Brantley was born with Spina bifida and steps are barriers for the wheelchair-bound reader. But each Friday, Melita carries him down the stairs while librarian Robin Ritchie follows with Brantley’s wheelchair and other items in tow.
In early March, however, that will all change.
Brantley, and all other library patrons with physical disabilities, as well as parents with strollers, baby seats and the like, will handily access the children’s library by elevator, thanks in much part to the generosity of the community.
On Jan. 26, Eureka Library hosted its final fundraising event, Elevate Gala, at Eureka College’s Cerf Center in its campaign to raise the final dollars necessary to fund the $317,000 project. The elevator will be located on the east side of the library, and improvements to the children’s area are also included in the plan.
“We’re really excited about tonight, and we don’t have far to go to reach our goals,” Eureka Library program coordinator Cindy O’Neill said, as guests began to fill the Cerf Center’s Terrill Room that evening. Brantley, dapperly dressing in a suit and tie, arrived early with his mother and grandmother.
Linen covered numbered tables were set for the crowd of more than 160 ticketholders, who paid $50 each for dinner and the opportunity to bid on 65 auction items. Along the room’s perimeters, 12 tables featured 53 silent auction items.
A special display at the foot of the podium featured live auction items; Ben Zobrist signed batting gloves, a South Padre Island, Tex. beachfront vacation condo and a 19th century wood yarn winder were among the live auction donations.
A vintage Cuddle Cups Circus display, initially donated to the library, was up for bids in the silent auction. The festive red and yellow metal shelving unit was among the collection of the late Harlen ”Rollo” Pierson, a well-known local professional clown. The family granted permission for its auctioning.
Eureka Library Director Ann Reeves said less than $10,000 of the project goal remained at Gala’s beginning. By night’s end, only $320 remained. “We have a donor who’ll give the rest,” Reeves said.
Having the lion’s share of funding before the Gala, made for a relaxing night for Reeves and fellow library employees and volunteers who coordinated the festivities.
Each table featured centerpieces crafted from books. For dinner; pork loin with port wine mushroom sauce, grilled chicken breast, herb-roasted red potatoes. Chocolate and carrot cake followed.
“It was just a great evening for us. We weren’t under a great amount of pressure to make money and it turned out to be great fun,” Reeves said. ”This is a very generous community.”
Tax dollars saved, donations and fundraisers paid for the project, she said. Among the many private donors, several gave between $1,500 and $10,000. Eureka Community Bank and Heartland Bank and Trust Community Support Fund, along with Illinois Prairie Community Foundation, donated more than $10,000.
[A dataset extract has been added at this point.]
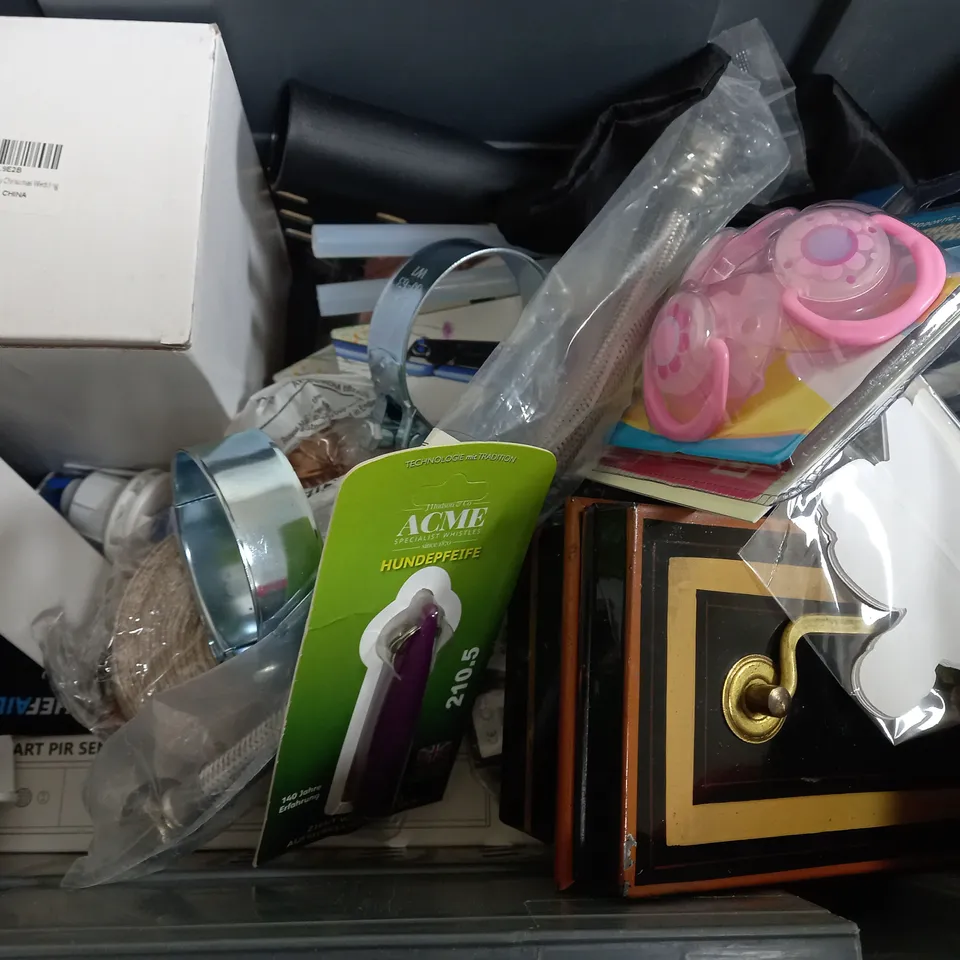 BOX OF APPROX 20 ASSORTED ITEMS TO INCLUDE -  STANLEY TYLON TAPE MESSURE - SOUL CAP SWIMMING GOGGLES - VAC FRESHENER ECT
Former Eureka Middle School coach Craig Gerdes manned the auction block, and, once tallied, the event brought in $9,019. The Zobrist gloves garnered $300, Eureka resident and Peoria Art League president Sharon Somer’s watercolor sold for $400 and the big ticket item, the beachfront vacation condo, auctioned for $3,000.
“So many times there’s a need here (in Eureka) on a large level, but before you ask for it, people figure out what’s needed and how to get it taken care of,” Reeves said. “The churches work together here too, they communicate with each other and the community to get things done.”
Reeves said the library plans to host an open house once the project is approved by inspectors and the elevator is in use. The elevator has been installed, and crews are working now to finish electrical work and complete carpentry projects and improve the children’s section with fresh paint and shelving upgrades.
“We’re happy, and we can breathe deep now that all the funding is in place,” Reeves said. ”We don’t have any problem moving on from here.”